Auch hier sehen wir wieder, dass die Realität der Volkswirtschaft und ihre Wahrnehmung völlig auseinanderfallen können. Die Zahlen unter Biden waren immer ziemlich gut, aber es hat sich halt nicht so angefühlt (wie bei Obama übrigens auch), unter anderem wegen der unnachgiebig negativen Berichterstattung. Bei Trump ist es genau andersrum; die Situation ist nicht sonderlich gut, aber weil völlig anders darüber geredet wird, fühlt es sich auch anders an. Dazu kommt, dass die Wählenden der Republicans wesentlich stärker von der Realität entkoppelt und deswegen weniger anfällig für Realitäten sind. Das muss, wie in Fundstück 1 angesprochen, nicht so bleiben, aber aktuell ist es eine Stärke der GOP. Wenn sich das jemals dreht, wird es ein Mühlstein, aber ob das passiert, steht in den Sternen.
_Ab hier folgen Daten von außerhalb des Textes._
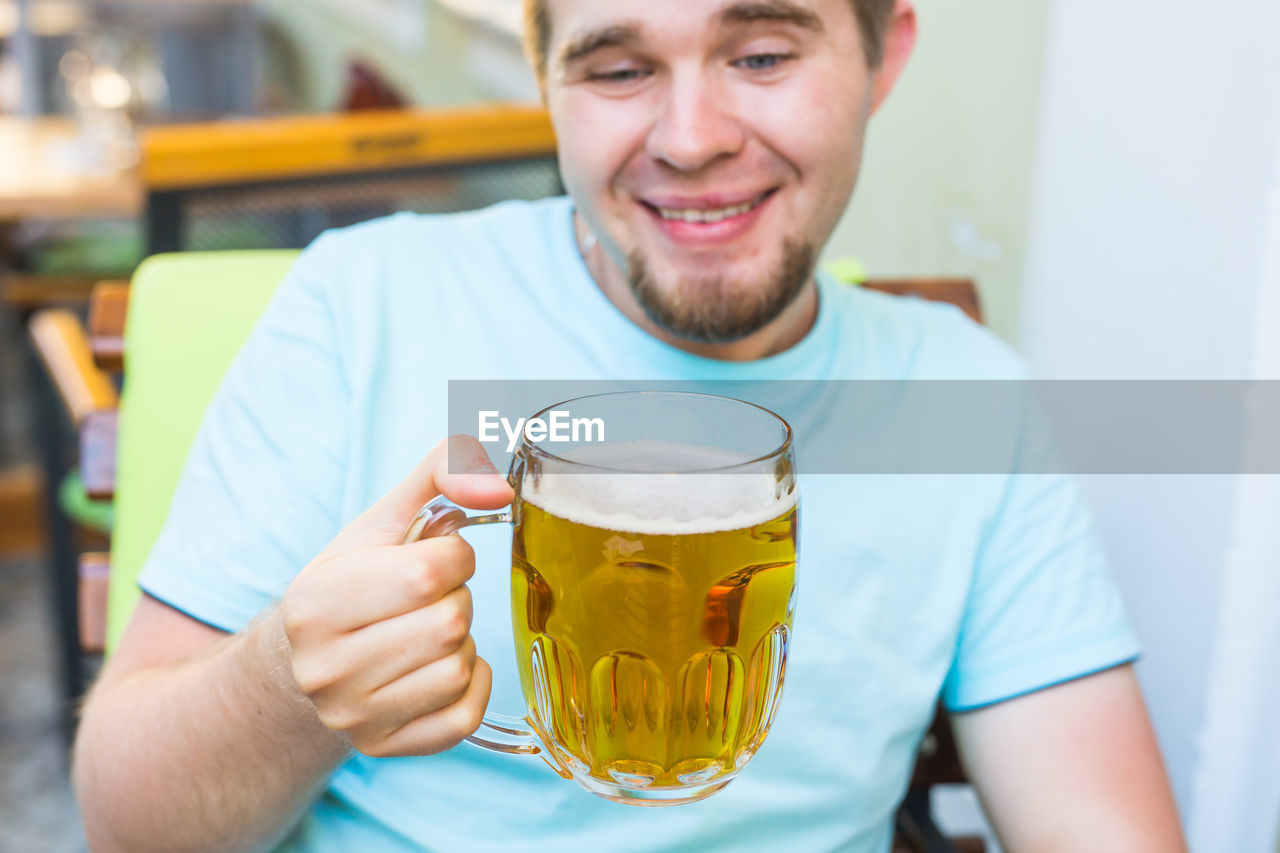 PORTRAIT OF A YOUNG MAN DRINKING GLASSES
3) Die Richter sind offenbar blind für die Realitäten des Kontinents

Der Kommentar von Andreas Rosenfelder kritisiert scharf ein aktuelles Urteil des Europäischen Gerichtshofs (EuGH) zur Migration. Er argumentiert, dass die europäische Rechtsprechung zunehmend den politischen Handlungsspielraum einschränke und sich dabei von der gesellschaftlichen Realität entkoppele. Konkret habe der EuGH entschieden, dass ein Staat nicht als „sicherer Herkunftsstaat“ eingestuft werden dürfe, wenn er nicht der gesamten Bevölkerung ausreichenden Schutz biete. Dies sei in der Praxis kaum nachweisbar und verhindere wirksame Maßnahmen gegen illegale Masseneinwanderung. Rosenfelder spricht von einer „Gutmenschenjustiz“, die die Rechte von Nicht-EU-Bürgern maximal verteidige, während die Rechte europäischer Bürger auf Sicherheit, Sozialstaat und stabile Bildungssysteme ignoriert würden. Diese Haltung impliziere, dass Europa als einziger wirklich sicherer Ort der Welt allen Einreisewilligen offenstehen müsse. Der Autor warnt, dass solche Entscheidungen das Vertrauen der Bürger in den Rechtsstaat untergraben könnten. Wenn sich der Eindruck verfestige, Europa sei in einem „Rechtsgeflecht“ handlungsunfähig, würden die Wähler andere politische Kräfte mit veränderten rechtlichen Rahmenbedingungen wählen. (Andreas Rosenfelder, Welt)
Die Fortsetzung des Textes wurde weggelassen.